Pictures with short captions
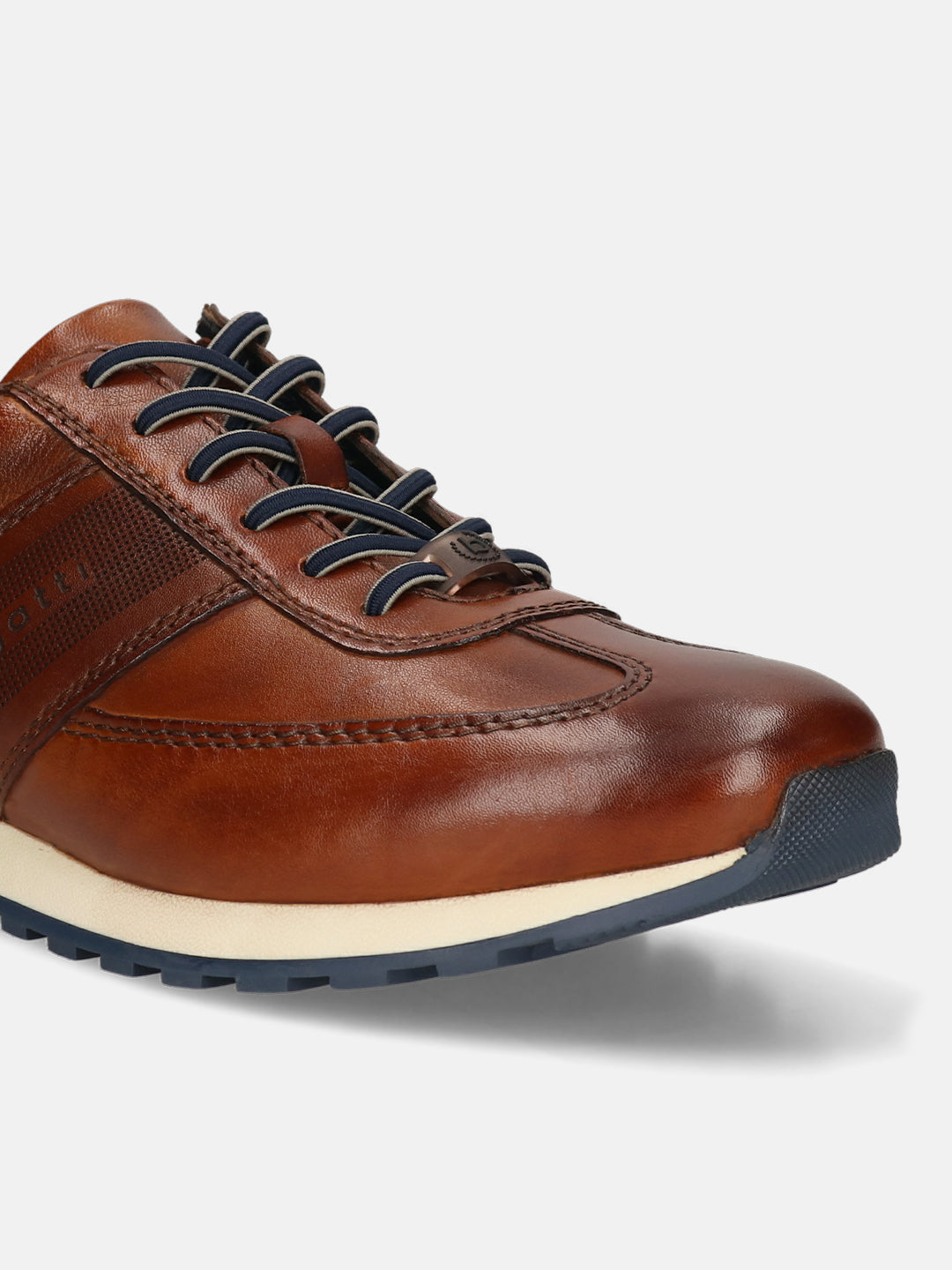 Men's Bugatti leather cognac leather shoes with a round toe , a tpr outsole , and laces fastening.
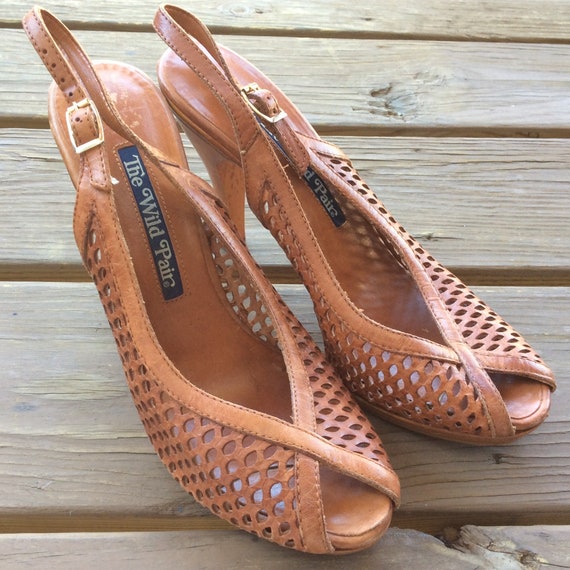 Vintage Wild Pair wood sole leather sandals heels… - image 6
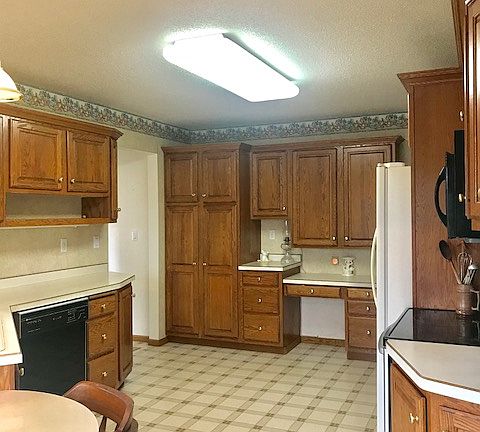 5th image of 506 11th St NE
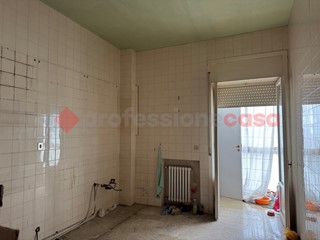 Appartamento in Vendita a Taranto, 275'000€, 237 m²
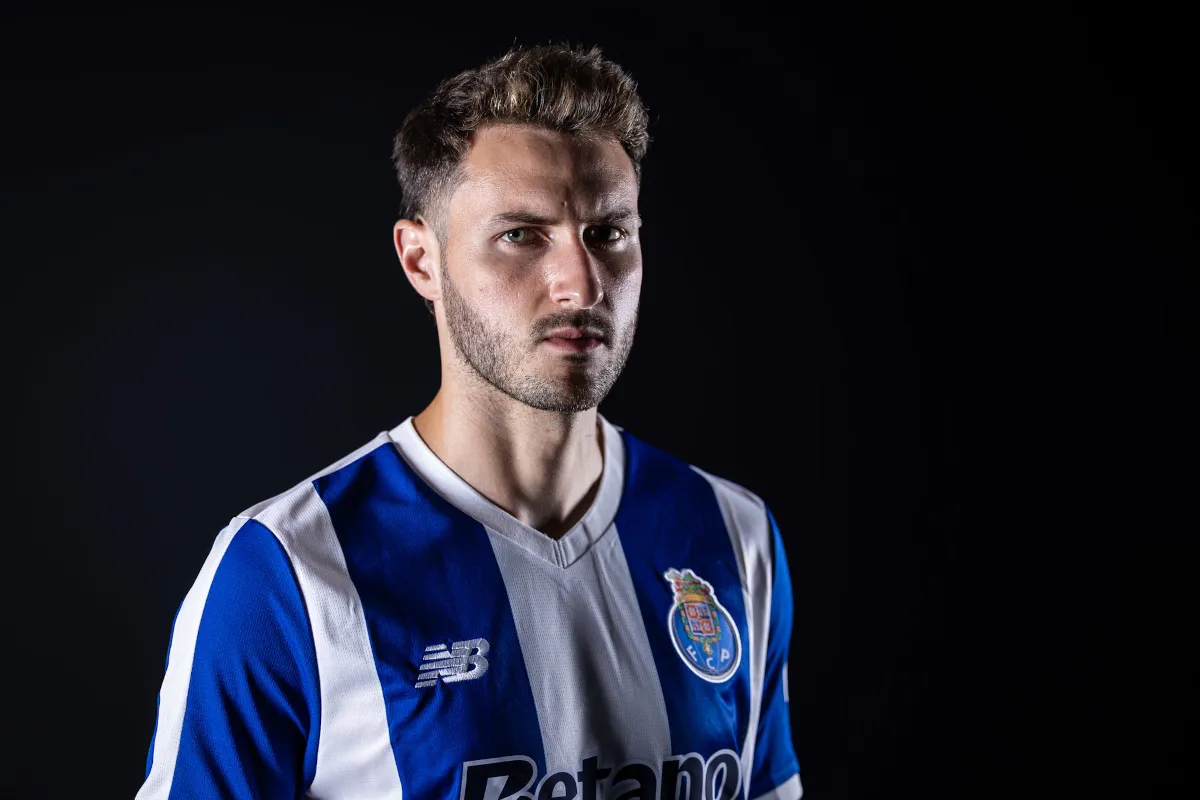 AC Milan Pinjamkan Gimenez ke FC Porto dengan Opsi Pembelian €18 Juta - sumber: (footballitalia)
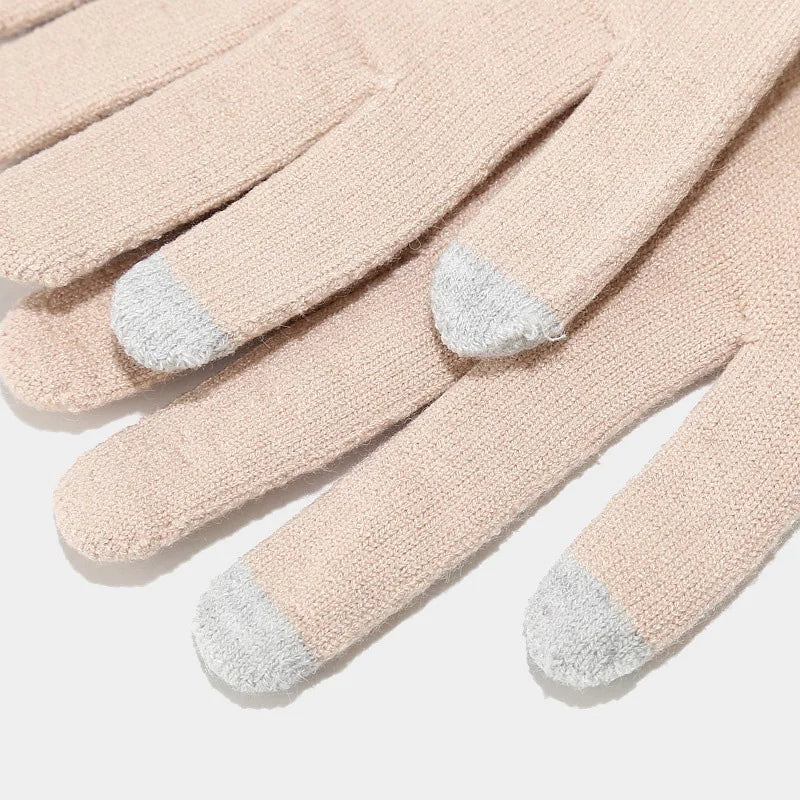 Ensemble pour femme bonnet, gants et écharpe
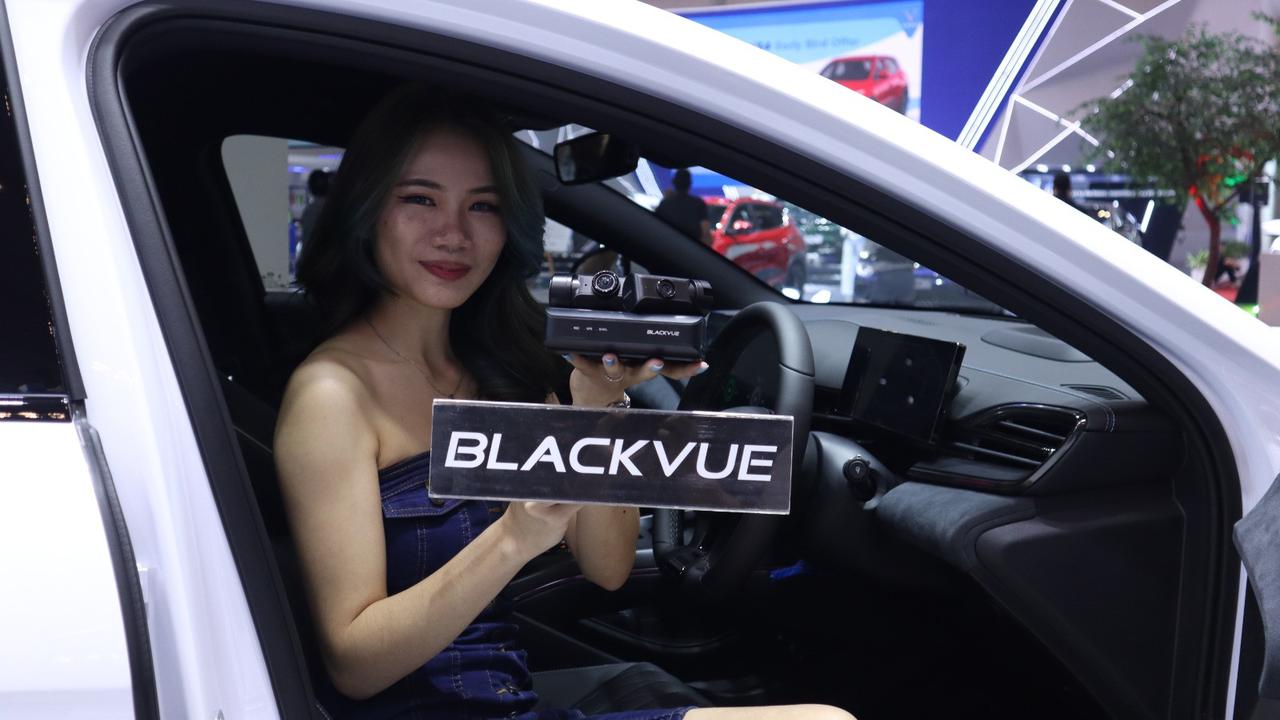 BlackVue Hadirkan Dashcam AI di GJAW 2024, Solusi Mencegah Kecelakaan Fatal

__WHAT TO DO__: For this answer, return word for word the lines from the first line of the records through the line containing "Appartamento in Vendita". Omit the pictures.

__WRITTEN REPLY__:
 Men's Bugatti leather cognac leather shoes with a round toe , a tpr outsole , and laces fastening.
 Vintage Wild Pair wood sole leather sandals heels… - image 6
 5th image of 506 11th St NE
 Appartamento in Vendita a Taranto, 275'000€, 237 m²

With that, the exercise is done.